-- AVAILABLE RECORDS follows --

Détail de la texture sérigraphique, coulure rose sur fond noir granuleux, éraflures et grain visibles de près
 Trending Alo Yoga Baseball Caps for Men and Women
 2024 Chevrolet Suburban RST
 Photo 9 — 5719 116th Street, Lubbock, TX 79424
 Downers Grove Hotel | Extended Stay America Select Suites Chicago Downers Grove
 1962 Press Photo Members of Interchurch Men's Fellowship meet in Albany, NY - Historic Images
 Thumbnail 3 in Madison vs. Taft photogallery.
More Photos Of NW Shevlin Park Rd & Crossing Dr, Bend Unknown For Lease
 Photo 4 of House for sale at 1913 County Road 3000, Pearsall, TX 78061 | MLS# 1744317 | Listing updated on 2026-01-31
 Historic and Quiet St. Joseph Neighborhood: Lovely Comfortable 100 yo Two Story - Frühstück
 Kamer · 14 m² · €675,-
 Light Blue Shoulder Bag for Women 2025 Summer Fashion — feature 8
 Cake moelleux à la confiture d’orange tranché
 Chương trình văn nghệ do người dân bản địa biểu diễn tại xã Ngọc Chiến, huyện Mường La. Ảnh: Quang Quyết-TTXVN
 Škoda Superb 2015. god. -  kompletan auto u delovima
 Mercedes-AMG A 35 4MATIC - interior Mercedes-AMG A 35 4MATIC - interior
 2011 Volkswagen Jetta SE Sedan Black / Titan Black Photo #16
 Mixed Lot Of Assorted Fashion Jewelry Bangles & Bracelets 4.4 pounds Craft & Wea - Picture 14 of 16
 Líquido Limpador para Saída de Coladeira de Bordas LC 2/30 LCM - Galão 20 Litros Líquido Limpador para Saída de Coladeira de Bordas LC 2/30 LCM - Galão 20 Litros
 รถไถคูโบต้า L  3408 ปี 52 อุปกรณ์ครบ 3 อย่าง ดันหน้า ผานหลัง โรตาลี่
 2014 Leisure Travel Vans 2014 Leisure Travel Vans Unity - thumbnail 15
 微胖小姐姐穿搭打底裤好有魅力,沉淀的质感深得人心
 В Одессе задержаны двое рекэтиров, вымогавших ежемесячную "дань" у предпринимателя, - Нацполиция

-- AVAILABLE RECORDS concluded --

ACTIVITY: Lines before the one containing "微胖小姐姐穿搭打底裤好有魅力,沉淀的质感深得人心" are to be left out; that line and every line after it through the end of the data should be copied exactly.

EXPECTED OUTPUT:
 微胖小姐姐穿搭打底裤好有魅力,沉淀的质感深得人心
 В Одессе задержаны двое рекэтиров, вымогавших ежемесячную "дань" у предпринимателя, - Нацполиция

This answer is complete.